FROM: Ianthe Metzger, Planned Parenthood Federation of America & Planned Parenthood Action Fund

CC: Abby Ledoux, Planned Parenthood Federation of America & Planned Parenthood Action Fund

DATE: March 22, 2022

RE: Legislatures ramp up efforts to restrict medication abortion this session

Medication abortion has been aggressively attacked during this state legislative session. From total bans on medication abortion to bills forcing health care providers to tell their patients medically inaccurate information that could be harmful to their health, 24 states have introduced more than 40 bills against access to medication abortion. 

Medication abortion — also known as the “abortion pill” — is the process of taking two medications, mifepristone and misoprostol, to safely and effectively end a pregnancy. It has been used by more than 4 million people in the United States since the U.S. Food & Drug Administration (FDA) approved the brand name Mifeprex more than 20 years ago. Medication abortion, under commonly accepted medical standards, can be used up to 77 days, or 11 weeks, after the first day of someone's last menstrual period. Mifepristone is incredibly safe with a more than 99% safety record. Multiple studies have confirmed that far less than 1% of patients experience serious complications from medication abortion — a number that is significantly lower than those experienced by patients who go through childbirth. 

The increased restrictions on medication abortion in states that have long been hostile to sexual and reproductive health and rights comes as no surprise for two main reasons:

  • In December 2021, the FDA moved to bring federal law in line with years of scientific evidence and permanently repeal the unnecessary and onerous in-person dispensing requirement for mifepristone. Previously, patients were required to obtain the medication directly from a doctor’s office, hospital, or health center, rather than from a pharmacy or by mail, as is allowed for other equally safe medications. These unnecessary in-person visits are especially burdensome for people living in remote or rural areas.
  • According to recent preliminary data from the Guttmacher Institute, as of 2020, medication abortion accounts for the majority (54%) of all abortions in the United States. That number was 39% just three years prior in 2017. While its prevalence has steadily increased, the COVID-19 pandemic likely contributed to this acceleration, because a temporary repeal of the in-person requirement allowed people to access needed abortion services without risking increased exposure to the virus.

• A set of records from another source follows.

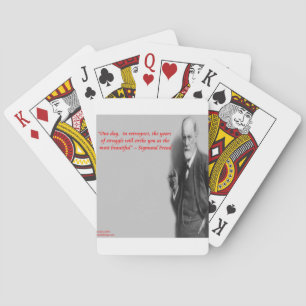 Jeu De Cartes Citation célèbre de Sigmund Freud sur le "combat"
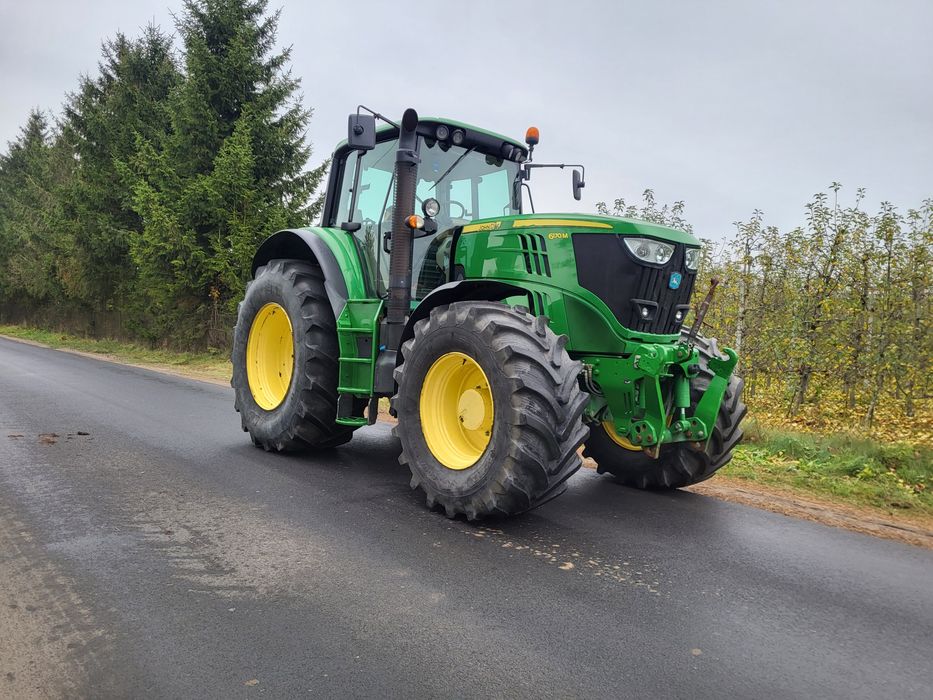 Ciągnik John Deere 6170m 6190r Klima'TUZ'Pneumatyka 6210r case fendt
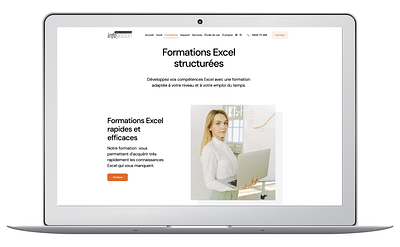 Création du site internet d'Infogestion SA - Intelligence Artificielle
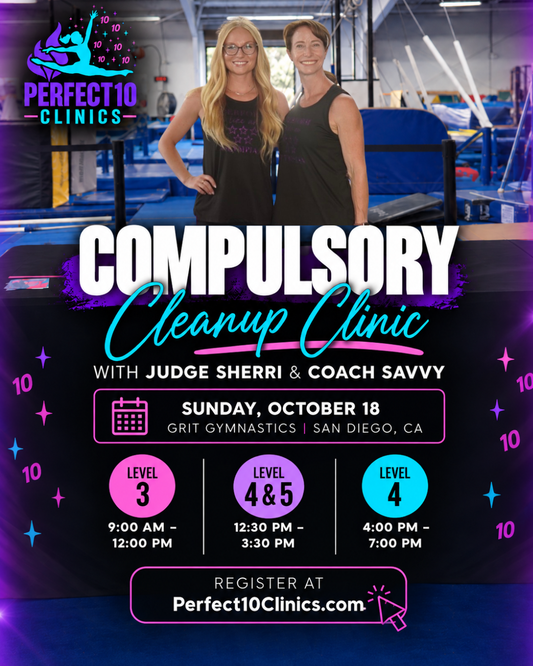 PERFECT 10 Compulsory Clean-Up Clinic! Sunday 10/18 in San Diego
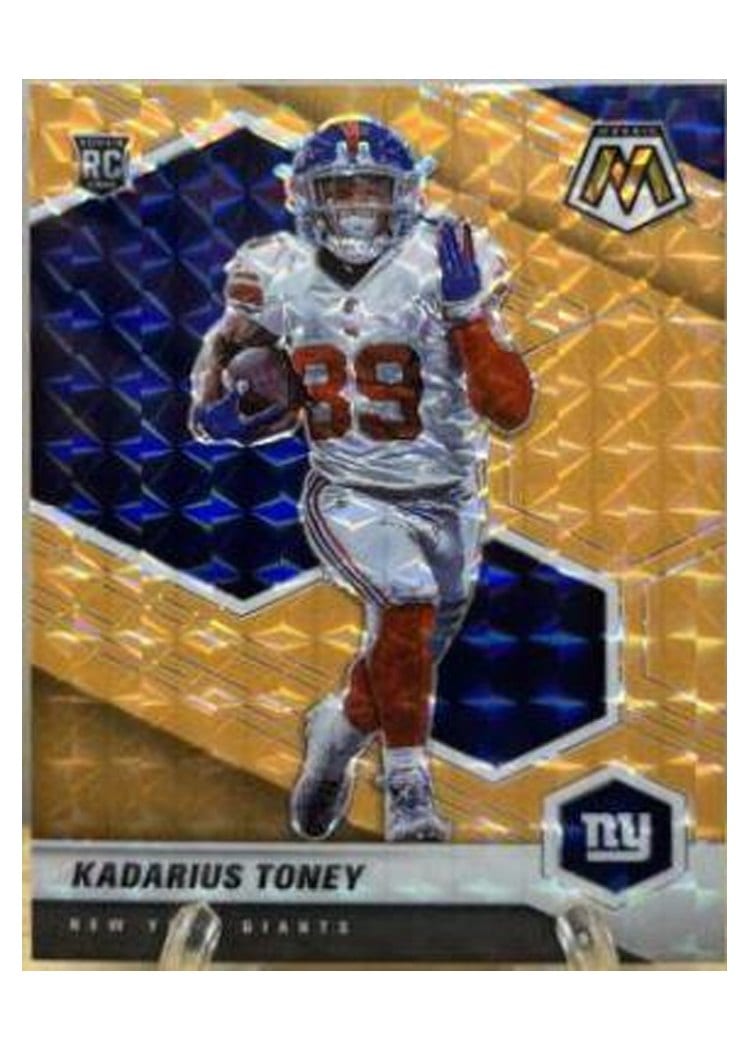 2021 Panini Mosaic Base Set Kadarius Toney #312 card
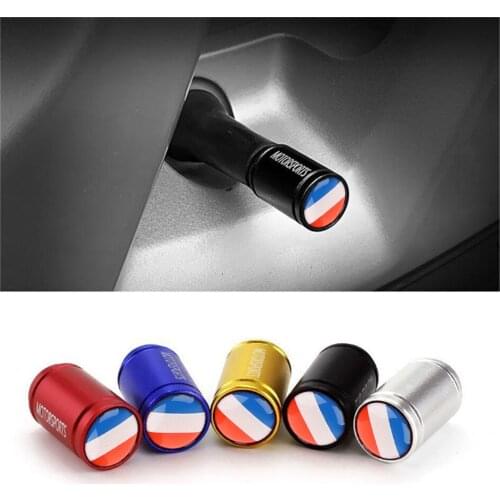France Flag Logo 4pcs/set Wheel Tire Valve Caps Car Decoration Accessories for Chevrolet Cruze for Buick for BMW For Mercedes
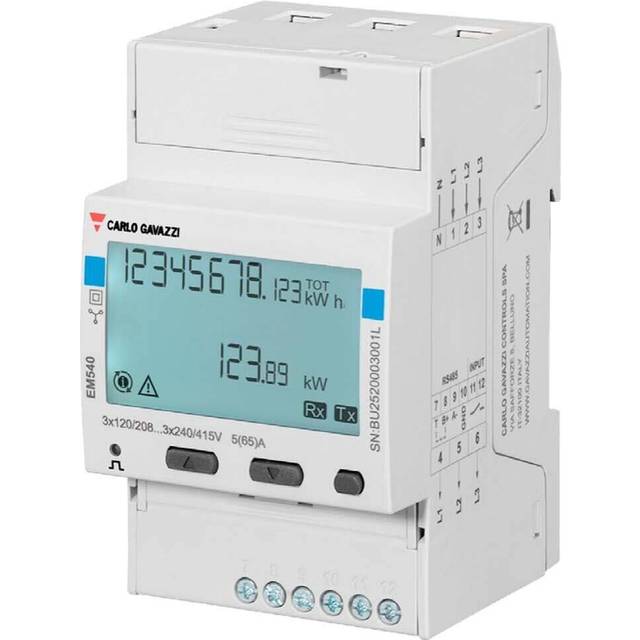 Energy Meter EM540 - 3 phase - max 65A/phase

Medication abortion has expanded access to reproductive health services and helped ensure that patients are able to make their own private medical decisions. Patients increasingly are seeking this safe and private option that still offers support and information from a health care provider. For many, access to medication abortion is not just a preference, it is critical to their safety and well-being. 

Medical experts such as the American College of Obstetricians and Gynecologists and the American Medical Association have enthusiastically supported expanding access to this important option for abortion care. These organizations have acknowledged that there is no medical justification for limiting access to telehealth abortion through unnecessary in-person lab tests or visitation requirements. Also, for the first time ever, the World Health Organization issued updated abortion guidelines this month including recommendations for abortion pills prescribed via telehealth, which the WHO notes has played a large role in maintaining access to care during the COVID-19 pandemic. Members of the House Oversight and Reform Committee also penned a letter to Health and Human Services Secretary Xavier Becerra last week calling for him to protect and expand access to medication abortion. 

Despite this overwhelming support from the medical community, some state legislatures have continued to try to ban or otherwise restrict access to medication abortion. These attacks are particularly cruel given the number of abortion restrictions that already exist in many states. For many abortion providers today, it is the only method of abortion they can offer because layers of targeted restrictions have — by design — made it impossible for health centers to comply with the costly and burdensome regulations required for procedural abortion methods in their state. In some states, any move to restrict medication abortion effectively decimates access to safe and legal abortion, which has always been the goal of anti-abortion extremists.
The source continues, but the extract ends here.